30kmほど離れた場所でも「黒い雨」に遭った記憶…

86歳の河野博さんは、原爆が投下された時、佐伯郡吉和村、今の廿日市市吉和にあった吉和国民学校の3年生でした。

第2次「黒い雨」訴訟 原告 河野博さん
「光った時にガラスがガタガタガタっと揺れましたよ。まもなくしてダーン!いう大きい音がして」「それからなんとも言えんねずみ色のようなのがぶわーっと上がって、空が真っ黒になってね、ほいで『山へ逃げ』いうことで」

校庭で並んでいた時に、山の向こうのキノコ雲を目撃。
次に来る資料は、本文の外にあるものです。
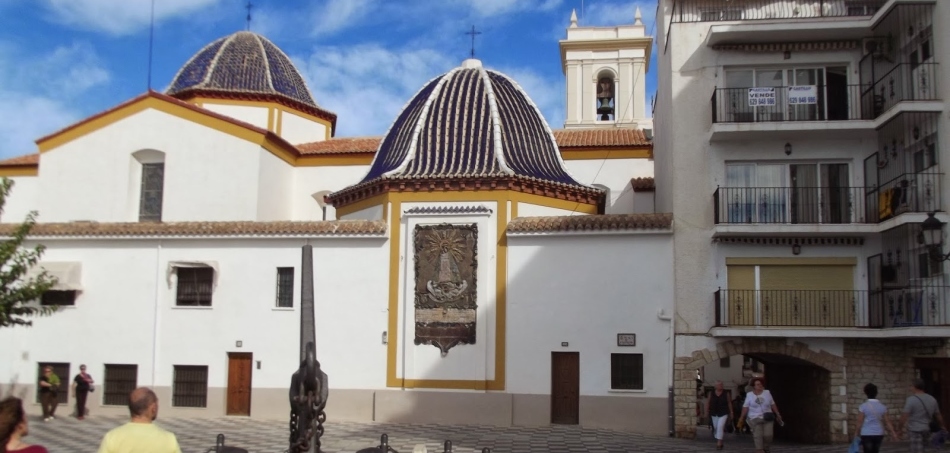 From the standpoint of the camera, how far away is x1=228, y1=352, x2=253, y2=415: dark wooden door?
22.8m

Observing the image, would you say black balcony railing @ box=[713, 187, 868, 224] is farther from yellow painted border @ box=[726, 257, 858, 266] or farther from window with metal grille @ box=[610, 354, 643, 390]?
window with metal grille @ box=[610, 354, 643, 390]

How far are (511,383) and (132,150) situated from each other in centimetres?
1308

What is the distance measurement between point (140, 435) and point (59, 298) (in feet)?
63.0

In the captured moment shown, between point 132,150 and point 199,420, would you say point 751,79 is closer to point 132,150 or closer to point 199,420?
point 199,420

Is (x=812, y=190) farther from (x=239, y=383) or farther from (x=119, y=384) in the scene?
(x=119, y=384)

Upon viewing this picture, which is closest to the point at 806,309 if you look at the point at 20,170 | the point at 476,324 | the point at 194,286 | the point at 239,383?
the point at 476,324

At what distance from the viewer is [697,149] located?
70.8 ft

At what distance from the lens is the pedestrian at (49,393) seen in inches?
852

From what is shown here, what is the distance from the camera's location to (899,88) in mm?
20375

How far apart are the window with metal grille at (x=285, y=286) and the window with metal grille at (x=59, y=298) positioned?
17.6 ft

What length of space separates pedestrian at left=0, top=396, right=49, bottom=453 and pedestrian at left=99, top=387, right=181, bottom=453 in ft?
1.40

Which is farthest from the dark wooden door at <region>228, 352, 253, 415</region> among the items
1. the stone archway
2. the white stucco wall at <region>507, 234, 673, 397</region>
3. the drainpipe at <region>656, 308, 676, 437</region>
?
the stone archway

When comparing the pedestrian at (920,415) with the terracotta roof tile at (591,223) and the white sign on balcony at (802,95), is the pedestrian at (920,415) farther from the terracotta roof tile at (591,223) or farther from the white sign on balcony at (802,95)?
the white sign on balcony at (802,95)

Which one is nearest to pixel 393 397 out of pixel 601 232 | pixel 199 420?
pixel 199 420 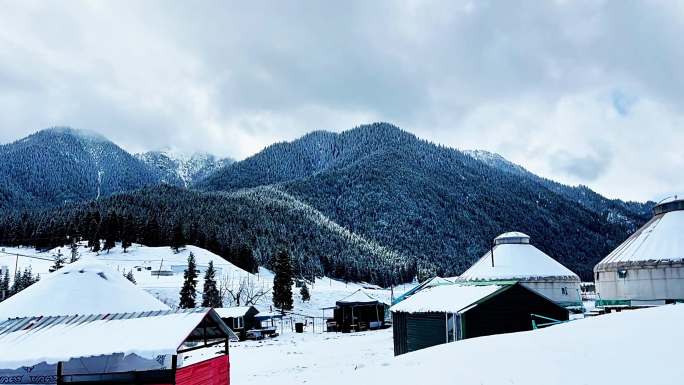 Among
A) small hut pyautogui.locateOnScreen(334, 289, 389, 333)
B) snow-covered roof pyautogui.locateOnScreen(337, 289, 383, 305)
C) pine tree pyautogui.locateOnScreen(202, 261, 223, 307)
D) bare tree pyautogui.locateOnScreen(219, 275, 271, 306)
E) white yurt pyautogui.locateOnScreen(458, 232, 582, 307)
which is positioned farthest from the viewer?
bare tree pyautogui.locateOnScreen(219, 275, 271, 306)

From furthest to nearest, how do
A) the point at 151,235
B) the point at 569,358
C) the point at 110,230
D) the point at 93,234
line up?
the point at 151,235 → the point at 93,234 → the point at 110,230 → the point at 569,358

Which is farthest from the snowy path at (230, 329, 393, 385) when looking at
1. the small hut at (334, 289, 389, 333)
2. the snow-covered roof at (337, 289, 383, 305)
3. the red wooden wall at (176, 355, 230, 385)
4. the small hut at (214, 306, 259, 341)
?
the snow-covered roof at (337, 289, 383, 305)

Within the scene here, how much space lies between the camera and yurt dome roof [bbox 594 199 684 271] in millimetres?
30516

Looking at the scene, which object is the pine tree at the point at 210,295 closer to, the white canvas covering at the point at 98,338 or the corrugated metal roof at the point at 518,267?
the corrugated metal roof at the point at 518,267

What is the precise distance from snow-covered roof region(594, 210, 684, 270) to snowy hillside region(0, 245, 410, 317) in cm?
4428

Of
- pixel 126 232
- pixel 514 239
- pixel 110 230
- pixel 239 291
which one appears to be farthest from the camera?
pixel 126 232

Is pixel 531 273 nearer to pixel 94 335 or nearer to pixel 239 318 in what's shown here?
pixel 239 318

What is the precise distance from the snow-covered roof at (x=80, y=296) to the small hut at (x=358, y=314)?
35.4 m

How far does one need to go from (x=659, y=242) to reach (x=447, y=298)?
16796mm

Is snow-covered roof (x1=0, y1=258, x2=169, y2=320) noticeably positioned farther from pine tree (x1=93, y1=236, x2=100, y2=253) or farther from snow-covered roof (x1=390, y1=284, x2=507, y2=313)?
pine tree (x1=93, y1=236, x2=100, y2=253)

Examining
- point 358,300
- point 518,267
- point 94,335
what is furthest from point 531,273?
point 94,335

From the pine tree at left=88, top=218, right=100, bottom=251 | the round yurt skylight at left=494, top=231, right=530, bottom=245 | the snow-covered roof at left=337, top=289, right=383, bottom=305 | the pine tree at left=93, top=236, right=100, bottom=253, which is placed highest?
the pine tree at left=88, top=218, right=100, bottom=251

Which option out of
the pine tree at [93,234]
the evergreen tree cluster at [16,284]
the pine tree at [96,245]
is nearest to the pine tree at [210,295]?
the evergreen tree cluster at [16,284]

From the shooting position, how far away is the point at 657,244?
104 feet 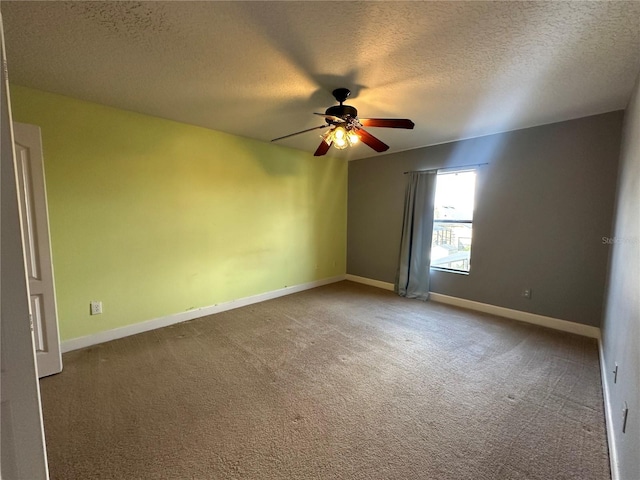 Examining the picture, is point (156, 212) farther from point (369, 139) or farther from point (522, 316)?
point (522, 316)

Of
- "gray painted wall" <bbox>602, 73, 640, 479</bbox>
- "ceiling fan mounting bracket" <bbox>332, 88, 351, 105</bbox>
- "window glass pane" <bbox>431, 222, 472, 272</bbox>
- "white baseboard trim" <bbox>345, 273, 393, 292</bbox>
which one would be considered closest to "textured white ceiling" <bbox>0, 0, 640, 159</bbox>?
"ceiling fan mounting bracket" <bbox>332, 88, 351, 105</bbox>

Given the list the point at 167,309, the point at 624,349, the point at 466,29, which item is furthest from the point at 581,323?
the point at 167,309

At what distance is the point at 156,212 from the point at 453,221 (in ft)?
13.2

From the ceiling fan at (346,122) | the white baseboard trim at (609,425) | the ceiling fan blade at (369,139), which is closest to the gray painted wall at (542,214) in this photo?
the white baseboard trim at (609,425)

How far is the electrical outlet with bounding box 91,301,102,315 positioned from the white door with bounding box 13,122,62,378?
0.50 m

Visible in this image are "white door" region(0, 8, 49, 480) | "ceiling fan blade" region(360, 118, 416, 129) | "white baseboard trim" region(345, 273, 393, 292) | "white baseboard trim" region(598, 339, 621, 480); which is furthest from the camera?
"white baseboard trim" region(345, 273, 393, 292)

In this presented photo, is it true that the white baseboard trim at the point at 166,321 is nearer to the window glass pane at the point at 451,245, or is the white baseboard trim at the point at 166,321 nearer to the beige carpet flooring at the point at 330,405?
the beige carpet flooring at the point at 330,405

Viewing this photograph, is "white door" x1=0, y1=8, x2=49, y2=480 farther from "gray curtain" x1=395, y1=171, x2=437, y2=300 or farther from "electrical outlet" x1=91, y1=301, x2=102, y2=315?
"gray curtain" x1=395, y1=171, x2=437, y2=300

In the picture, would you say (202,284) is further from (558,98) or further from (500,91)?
(558,98)

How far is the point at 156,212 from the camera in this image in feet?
10.6

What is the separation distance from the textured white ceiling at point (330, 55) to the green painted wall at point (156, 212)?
1.11ft

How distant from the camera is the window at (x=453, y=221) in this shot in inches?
159

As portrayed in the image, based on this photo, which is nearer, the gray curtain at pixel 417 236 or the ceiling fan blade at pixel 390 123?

何が起きたのか分からないまま、先生の指示で裏山に逃げ、様子が落ち着いたので山から下りてきたところ、奇妙な光景を目の当たりにします。

第2次「黒い雨」訴訟 原告 河野博さん
「真っ黒な焼けた紙くずがいっぱい舞い上がった。冬ボタン雪が降るでしょ? ああいうように。珍しいけ、手でこうやって拾って」

自宅に帰って、昼食を食べてから3つ上の姉と、すぐ近くの小川に水遊びに出かけたといいます。

第2次「黒い雨」訴訟 原告 河野博さん
「その時には降りよらんかった。遊びよって降り出した。わりと降るのは降ったほいじゃが、台風みたいな感じじゃなかった」

現在、河野さんなど46人が、「黒い雨に遭ったのに、被爆者健康手帳の申請を却下された」として、広島市や県に対して処分取り消しを求めて提訴しています。